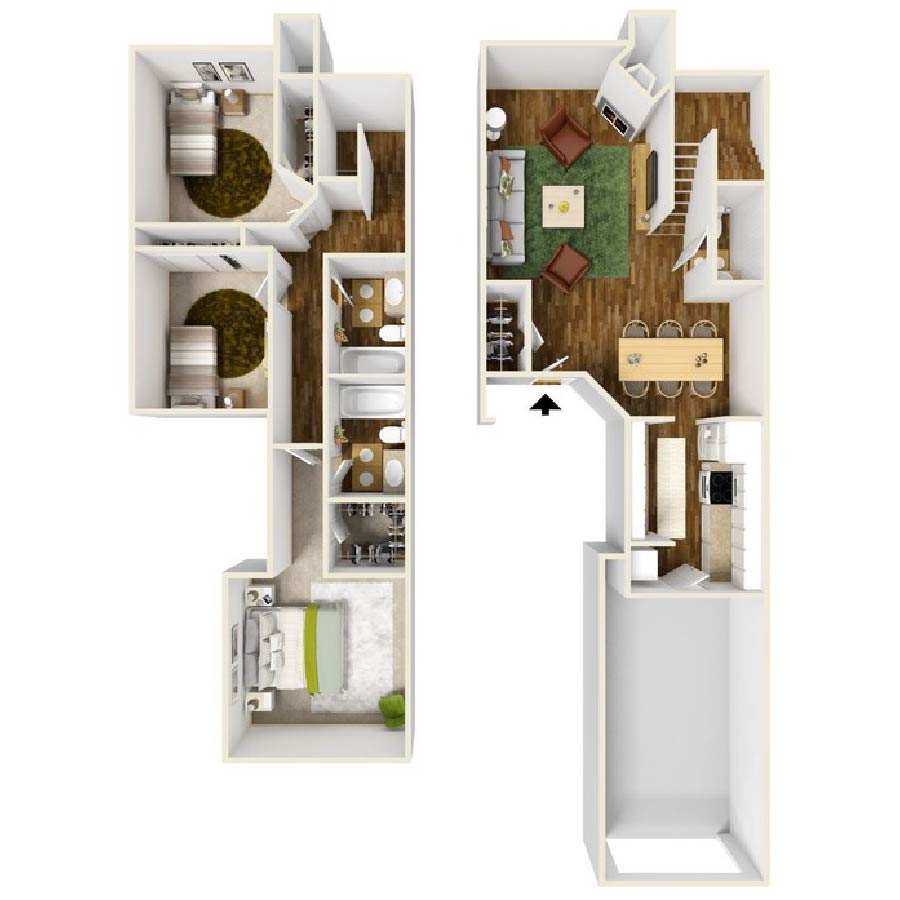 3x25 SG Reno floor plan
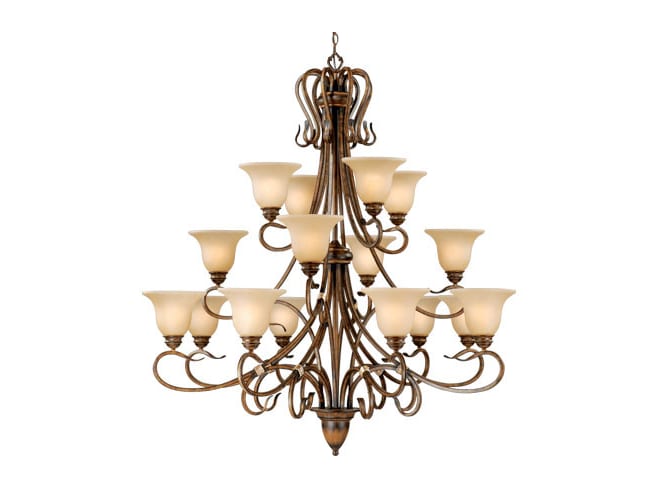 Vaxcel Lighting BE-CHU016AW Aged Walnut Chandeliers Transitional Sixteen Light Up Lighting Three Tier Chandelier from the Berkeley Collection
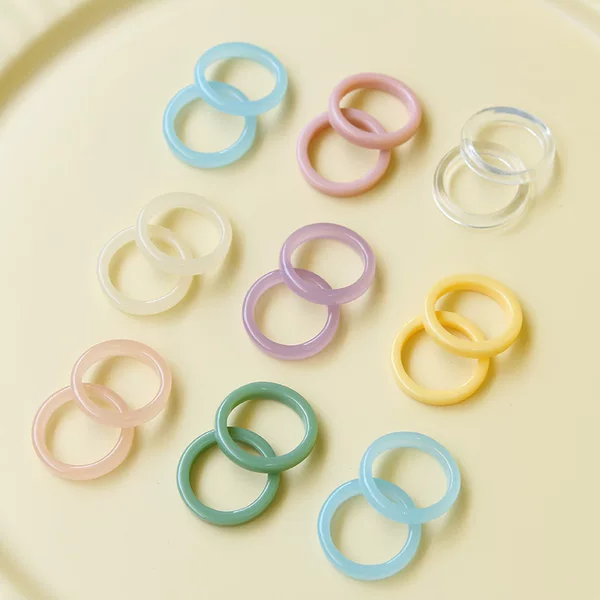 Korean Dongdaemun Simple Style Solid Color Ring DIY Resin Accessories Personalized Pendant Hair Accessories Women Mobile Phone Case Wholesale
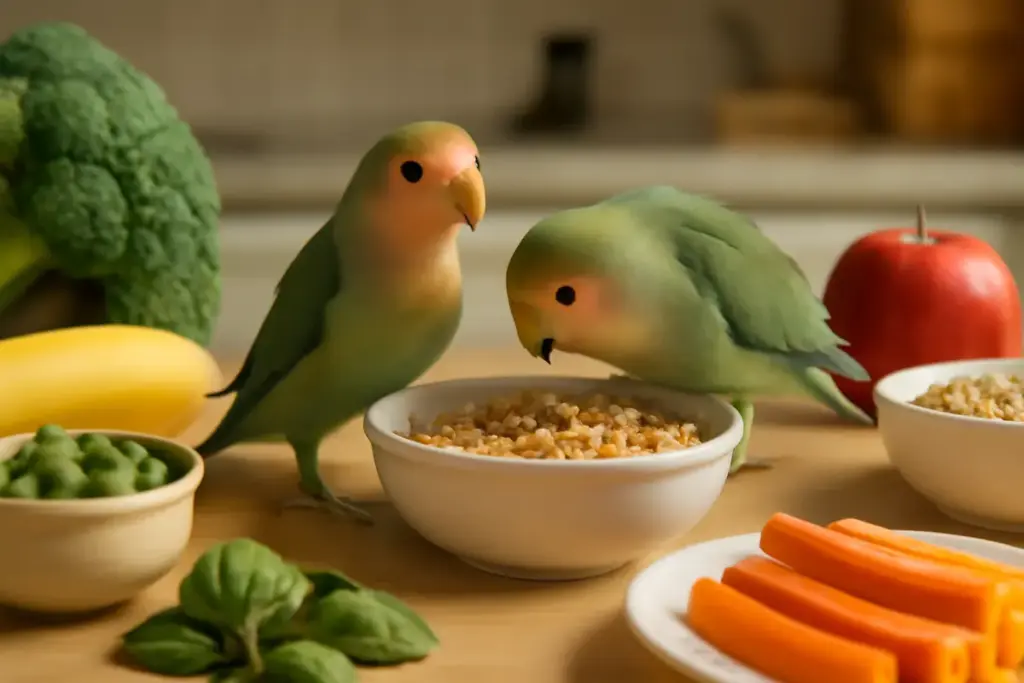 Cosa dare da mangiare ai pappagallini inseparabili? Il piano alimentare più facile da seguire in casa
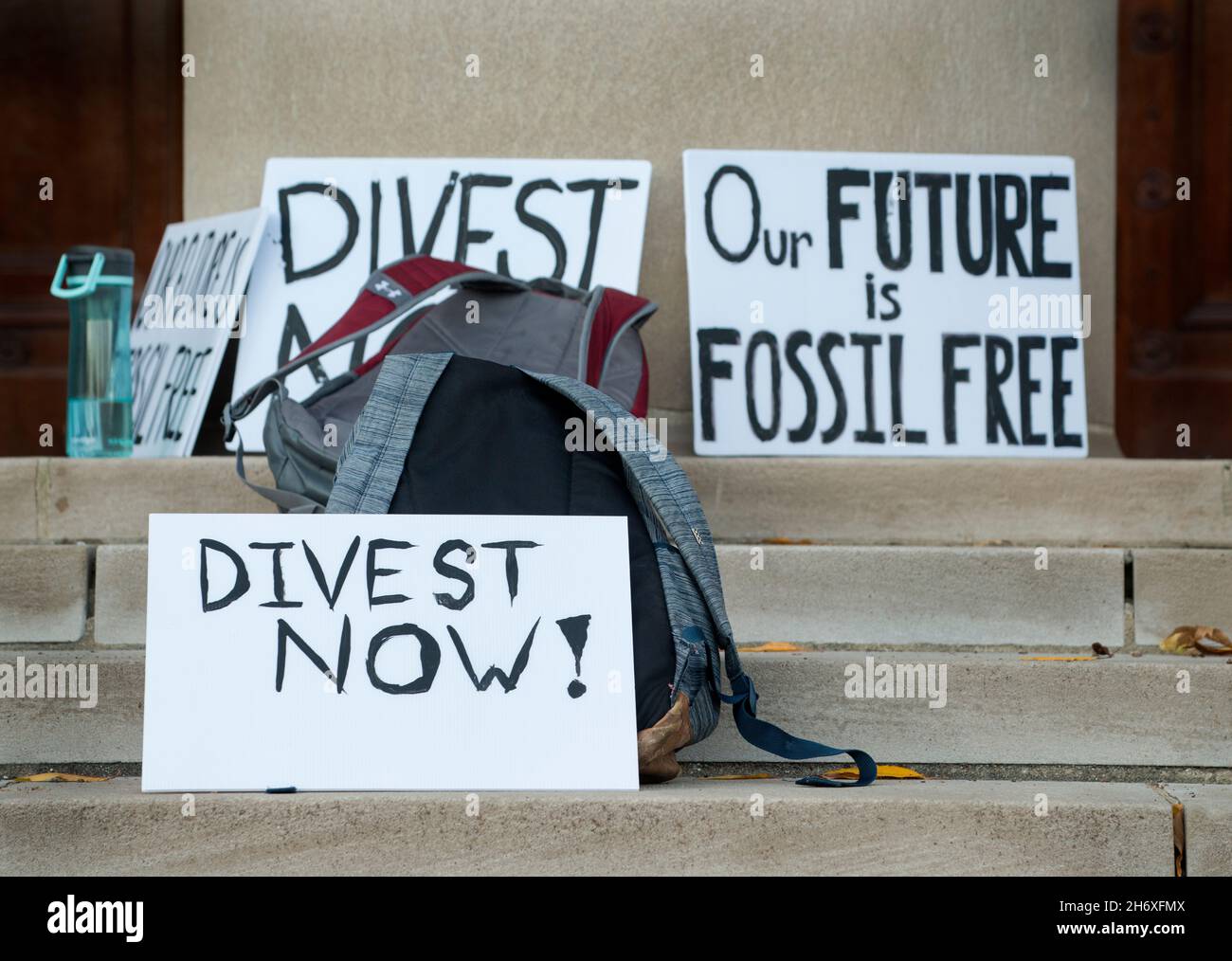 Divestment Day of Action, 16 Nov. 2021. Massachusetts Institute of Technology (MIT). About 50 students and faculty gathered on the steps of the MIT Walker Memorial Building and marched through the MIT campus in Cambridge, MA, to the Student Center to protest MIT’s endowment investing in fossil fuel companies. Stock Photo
◆ ◆ ◆ ◆ ◆
### ABOUT THIS EXERCISE
Your answer should consist solely of the lines from the one holding "Vaxcel Lighting BE-CHU016AW" through the end of the listing, reproduced exactly and without pictures.

### RESPONSE TO THE TASK
 Vaxcel Lighting BE-CHU016AW Aged Walnut Chandeliers Transitional Sixteen Light Up Lighting Three Tier Chandelier from the Berkeley Collection
 Korean Dongdaemun Simple Style Solid Color Ring DIY Resin Accessories Personalized Pendant Hair Accessories Women Mobile Phone Case Wholesale
 Cosa dare da mangiare ai pappagallini inseparabili? Il piano alimentare più facile da seguire in casa
 Divestment Day of Action, 16 Nov. 2021. Massachusetts Institute of Technology (MIT). About 50 students and faculty gathered on the steps of the MIT Walker Memorial Building and marched through the MIT campus in Cambridge, MA, to the Student Center to protest MIT’s endowment investing in fossil fuel companies. Stock Photo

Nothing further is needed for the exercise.